Learn how Haptik Carried Out Their Largest Python 3 Migration

At Haptik, most of our backend stack revolves around Python. We use the Django framework to help us get started and build scalable applications on the go. Python, being an interpreted language, reduces the time between writing code and deploying the code in production.


Python has become one of the most popular coding languages out there. Here are a few reasons why:

  1. 1. Open-Source
  2. 2. Easy to understand
  3. 3. Interpreted
  4. 4. Millions of application packages via PIP library
  5. 5. Highly Scalable and performant

    Reasons for migrating to Python3:
  6. 1. Haptik’s backend systems (1 of them) were running on Python2 and we needed to make a move to Python3 since Python2 was getting obsolete. We did not want to delay this any further.

  7. 2. Python3 does not only offer a lot of bug fixes, better performance & security but now helps use Python the right way with a lot of changes around the same.

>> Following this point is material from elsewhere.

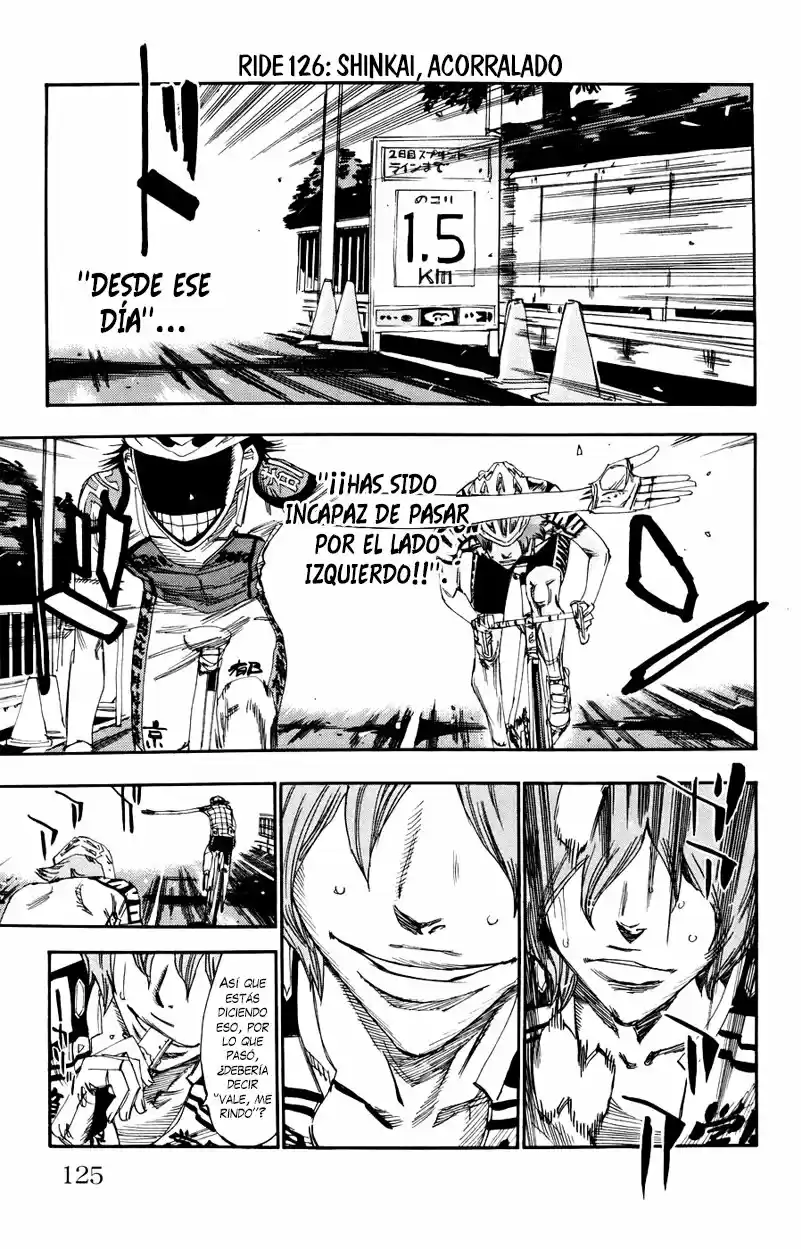 Yowamushi Pedal - Capítulo 126 - Página 2 - LectorTMOo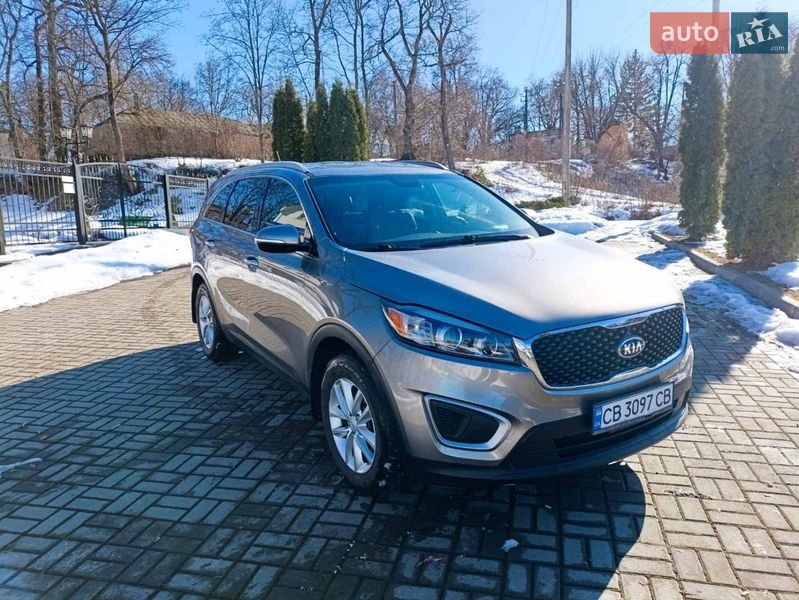Kia Sorento 2016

  8. 3. Also, Python2 support is supposed to be dropped bythe end of 2019. 

    Instagram was arguably our role model for this process. This is how they went about it.

    We had this migration on our minds for some time and wanted to work towards implementing it in the first quarter of this year. We took up-gradation to Python3 as an OKR for the Jan-March quarter and this blog series will be centered around the same. 

  9.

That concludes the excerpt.